The One-Dimensional Transport with Equilibrium Chemistry (OTEQ) computer model was developed by USGS scientist and CWEST researcher, Dr. Rob Runkel. It is used to characterize the fate and transport of waterborne solutes in streams and rivers. As explained in the OTEQ documentation, “the model is formed by coupling a solute transport model with a chemical equilibrium submodel. The solute transport model is based on OTIS, a model that considers the physical processes of advection, dispersion, lateral inflow, and transient storage. The equilibrium submodel is based on MINTEQ, a model that considers the speciation and complexation of aqueous species, acid-base reactions, precipitation/dissolution, and sorption.”
The One-Dimensional Transport with Inflow and Storage (OTIS) computer model was developed by USGS researcher and CWEST member, Dr. Rob Runkel, to characterize the fate and transport of water-borne solutes in streams and rivers. For conservative (non-reactive) solutes, four processes can be simulated – advection, dispersion, inflow, and transient storage. For nonconservative (reactive) solutes, two additional processes can be simulated – sorption and first order decay. Data for the model can be obtained by running field-scale tracer experiments.
PHREEQC is a computer code developed by the USGS that can be used for simulating chemical reactions and transport processes in natural or polluted water, in laboratory experiments, or in industrial processes. The program is based on equilibrium chemistry of aqueous solutions interacting with minerals, gases, solid solutions, exchangers, and sorption surfaces, which accounts for the original acronym — pH-REdox-EQuilibrium. The program has evolved to include the capability to model kinetic reactions and 1D (one-dimensional) transport. PHREEQC is written in the C and C++ programming languages. Several CWEST researchers at the USGS’s Marine Street location in Boulder use PHREEQC and can provide assistance in employing the model and the code.

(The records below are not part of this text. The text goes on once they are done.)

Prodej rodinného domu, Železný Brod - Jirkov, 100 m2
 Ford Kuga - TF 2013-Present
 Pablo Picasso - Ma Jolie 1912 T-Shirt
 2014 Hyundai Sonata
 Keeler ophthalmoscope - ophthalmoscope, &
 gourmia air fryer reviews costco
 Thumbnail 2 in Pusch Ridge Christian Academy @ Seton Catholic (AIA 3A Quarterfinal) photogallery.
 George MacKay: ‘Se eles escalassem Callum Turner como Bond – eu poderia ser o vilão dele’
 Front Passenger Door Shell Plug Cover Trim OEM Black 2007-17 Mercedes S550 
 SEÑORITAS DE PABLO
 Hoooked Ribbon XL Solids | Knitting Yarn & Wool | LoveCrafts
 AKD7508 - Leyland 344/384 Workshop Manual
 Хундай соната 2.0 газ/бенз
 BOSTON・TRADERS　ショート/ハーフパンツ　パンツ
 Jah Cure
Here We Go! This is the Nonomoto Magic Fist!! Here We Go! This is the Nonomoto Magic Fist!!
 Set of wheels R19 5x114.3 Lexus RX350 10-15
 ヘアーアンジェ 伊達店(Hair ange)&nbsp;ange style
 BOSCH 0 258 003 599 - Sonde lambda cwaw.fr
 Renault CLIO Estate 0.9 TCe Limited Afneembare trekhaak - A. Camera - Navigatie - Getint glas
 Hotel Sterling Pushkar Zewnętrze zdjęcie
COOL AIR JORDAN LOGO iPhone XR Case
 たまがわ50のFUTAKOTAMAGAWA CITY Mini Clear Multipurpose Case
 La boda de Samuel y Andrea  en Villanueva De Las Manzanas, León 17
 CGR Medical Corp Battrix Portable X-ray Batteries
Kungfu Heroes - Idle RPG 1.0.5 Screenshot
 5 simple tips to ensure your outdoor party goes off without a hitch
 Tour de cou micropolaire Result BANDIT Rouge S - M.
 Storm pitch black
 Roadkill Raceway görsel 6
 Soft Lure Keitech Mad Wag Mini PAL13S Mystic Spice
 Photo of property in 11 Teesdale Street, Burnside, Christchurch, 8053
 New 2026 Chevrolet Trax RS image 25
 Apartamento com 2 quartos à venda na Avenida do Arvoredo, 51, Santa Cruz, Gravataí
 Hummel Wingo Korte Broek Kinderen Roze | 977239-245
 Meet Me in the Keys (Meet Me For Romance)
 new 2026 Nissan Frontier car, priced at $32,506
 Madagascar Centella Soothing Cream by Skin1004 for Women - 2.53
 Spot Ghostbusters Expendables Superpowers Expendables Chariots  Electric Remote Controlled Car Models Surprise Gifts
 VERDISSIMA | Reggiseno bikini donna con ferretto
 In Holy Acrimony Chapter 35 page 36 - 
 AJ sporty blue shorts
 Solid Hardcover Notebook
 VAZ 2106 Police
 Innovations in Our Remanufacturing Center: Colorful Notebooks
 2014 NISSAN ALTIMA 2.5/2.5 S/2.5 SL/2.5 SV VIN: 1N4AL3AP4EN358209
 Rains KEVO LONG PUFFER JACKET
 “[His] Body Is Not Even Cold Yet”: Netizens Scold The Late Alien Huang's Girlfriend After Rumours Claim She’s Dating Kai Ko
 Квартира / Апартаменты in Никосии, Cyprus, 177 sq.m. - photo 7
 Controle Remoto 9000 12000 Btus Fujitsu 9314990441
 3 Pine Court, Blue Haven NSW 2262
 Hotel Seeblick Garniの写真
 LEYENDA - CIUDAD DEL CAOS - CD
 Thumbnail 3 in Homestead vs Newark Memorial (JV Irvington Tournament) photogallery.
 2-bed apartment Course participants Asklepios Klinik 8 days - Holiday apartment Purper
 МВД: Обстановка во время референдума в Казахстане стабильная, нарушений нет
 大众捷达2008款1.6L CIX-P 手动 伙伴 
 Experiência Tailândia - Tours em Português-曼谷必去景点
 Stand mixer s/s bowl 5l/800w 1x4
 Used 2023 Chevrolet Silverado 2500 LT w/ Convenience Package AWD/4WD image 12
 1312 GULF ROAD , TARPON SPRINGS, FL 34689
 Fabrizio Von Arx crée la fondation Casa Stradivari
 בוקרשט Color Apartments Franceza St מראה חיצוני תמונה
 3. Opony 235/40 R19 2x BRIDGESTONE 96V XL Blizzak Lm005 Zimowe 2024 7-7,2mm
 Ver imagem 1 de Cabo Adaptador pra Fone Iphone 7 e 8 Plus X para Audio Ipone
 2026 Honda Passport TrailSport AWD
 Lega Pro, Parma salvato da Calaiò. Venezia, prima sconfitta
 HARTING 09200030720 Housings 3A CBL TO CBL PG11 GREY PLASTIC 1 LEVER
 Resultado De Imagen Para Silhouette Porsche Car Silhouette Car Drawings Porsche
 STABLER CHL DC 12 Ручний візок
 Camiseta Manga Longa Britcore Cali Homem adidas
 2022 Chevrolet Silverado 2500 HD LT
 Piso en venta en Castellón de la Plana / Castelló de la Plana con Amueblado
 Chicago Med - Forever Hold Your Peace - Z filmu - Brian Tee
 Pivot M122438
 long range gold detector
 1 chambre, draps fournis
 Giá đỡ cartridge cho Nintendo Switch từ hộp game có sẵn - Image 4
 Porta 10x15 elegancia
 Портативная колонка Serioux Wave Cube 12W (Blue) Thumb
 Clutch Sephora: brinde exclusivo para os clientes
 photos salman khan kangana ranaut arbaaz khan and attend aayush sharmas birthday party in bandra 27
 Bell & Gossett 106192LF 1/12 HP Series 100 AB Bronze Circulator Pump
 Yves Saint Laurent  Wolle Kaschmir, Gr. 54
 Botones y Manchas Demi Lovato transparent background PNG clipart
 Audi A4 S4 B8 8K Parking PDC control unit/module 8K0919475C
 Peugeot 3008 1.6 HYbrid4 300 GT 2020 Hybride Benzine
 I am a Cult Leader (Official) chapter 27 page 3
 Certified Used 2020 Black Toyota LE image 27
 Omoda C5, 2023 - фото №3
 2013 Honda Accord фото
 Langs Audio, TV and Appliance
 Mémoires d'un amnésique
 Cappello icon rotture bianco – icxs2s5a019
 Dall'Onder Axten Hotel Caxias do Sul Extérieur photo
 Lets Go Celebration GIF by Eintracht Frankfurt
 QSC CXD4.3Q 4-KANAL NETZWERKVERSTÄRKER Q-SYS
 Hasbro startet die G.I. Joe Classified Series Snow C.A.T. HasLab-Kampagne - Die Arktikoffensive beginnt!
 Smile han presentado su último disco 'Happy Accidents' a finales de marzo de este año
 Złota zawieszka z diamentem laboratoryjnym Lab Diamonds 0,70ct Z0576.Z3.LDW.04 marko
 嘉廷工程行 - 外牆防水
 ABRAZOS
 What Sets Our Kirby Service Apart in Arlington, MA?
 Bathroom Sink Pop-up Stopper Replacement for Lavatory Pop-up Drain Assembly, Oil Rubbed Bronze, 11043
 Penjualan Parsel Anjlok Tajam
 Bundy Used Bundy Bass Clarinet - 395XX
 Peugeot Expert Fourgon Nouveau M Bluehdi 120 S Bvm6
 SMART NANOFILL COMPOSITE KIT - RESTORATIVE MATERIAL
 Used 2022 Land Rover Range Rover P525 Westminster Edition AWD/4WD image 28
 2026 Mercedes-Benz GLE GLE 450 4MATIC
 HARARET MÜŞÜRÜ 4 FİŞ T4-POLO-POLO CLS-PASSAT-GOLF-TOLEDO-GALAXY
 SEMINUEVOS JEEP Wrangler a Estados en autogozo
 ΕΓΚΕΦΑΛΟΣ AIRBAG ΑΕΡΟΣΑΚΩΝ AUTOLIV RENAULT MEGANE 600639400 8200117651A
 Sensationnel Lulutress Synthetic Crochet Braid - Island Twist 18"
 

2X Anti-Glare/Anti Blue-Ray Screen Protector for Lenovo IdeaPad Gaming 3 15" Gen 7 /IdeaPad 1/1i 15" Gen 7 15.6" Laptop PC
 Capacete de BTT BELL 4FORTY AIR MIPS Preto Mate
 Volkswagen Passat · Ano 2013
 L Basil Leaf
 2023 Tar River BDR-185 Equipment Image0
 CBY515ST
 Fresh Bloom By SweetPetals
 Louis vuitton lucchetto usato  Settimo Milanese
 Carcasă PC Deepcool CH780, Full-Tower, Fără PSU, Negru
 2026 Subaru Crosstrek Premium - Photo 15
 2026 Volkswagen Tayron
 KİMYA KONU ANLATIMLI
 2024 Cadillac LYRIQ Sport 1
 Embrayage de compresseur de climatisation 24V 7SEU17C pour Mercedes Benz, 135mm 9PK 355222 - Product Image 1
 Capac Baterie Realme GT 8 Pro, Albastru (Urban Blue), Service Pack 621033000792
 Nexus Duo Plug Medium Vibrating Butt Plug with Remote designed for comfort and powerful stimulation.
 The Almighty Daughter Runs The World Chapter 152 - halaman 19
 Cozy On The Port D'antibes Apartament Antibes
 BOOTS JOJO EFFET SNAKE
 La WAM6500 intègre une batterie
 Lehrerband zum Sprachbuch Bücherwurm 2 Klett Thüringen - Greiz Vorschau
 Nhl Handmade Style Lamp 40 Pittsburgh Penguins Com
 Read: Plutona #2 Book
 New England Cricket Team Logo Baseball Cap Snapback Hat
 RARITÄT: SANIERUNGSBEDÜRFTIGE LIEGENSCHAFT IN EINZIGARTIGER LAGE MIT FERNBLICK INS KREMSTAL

WATEQ4F is a computer code developed by USGS researcher Dr. James Ball and USGS researcher and CWEST member Dr. Kirk Nordstrom to determine chemical speciation of major, trace, and redox elements in natural waters. The code uses field measurements of temperature, pH, Eh, dissolved oxygen and alkalinity, and the chemical analysis of a water sample as input and calculates the distribution of aqueous species, ion activities, and mineral saturation indices that indicate the tendency of a water to dissolve or precipitate a set of minerals (see Drever, 1988; Nordstrom and Munoz, 1994). The code uses the ion-association model and assumes homogeneous aqueous phase equilibria, except for redox species. Equilibrium with respect to mineral solubilities is not assumed. The program results are used primarily to examine the tendency of a water to reach mineral solubility equilibria as a constraint on interpreting the chemistry of natural waters. A recent update includes an electrical conductivity calculation that can be compared to the measured conductivity for QA/QC (McCleskey et al, 2010). Results from the WATEQ4F code can be used as input for other programs such as PHREEQC to model geochemical reactions.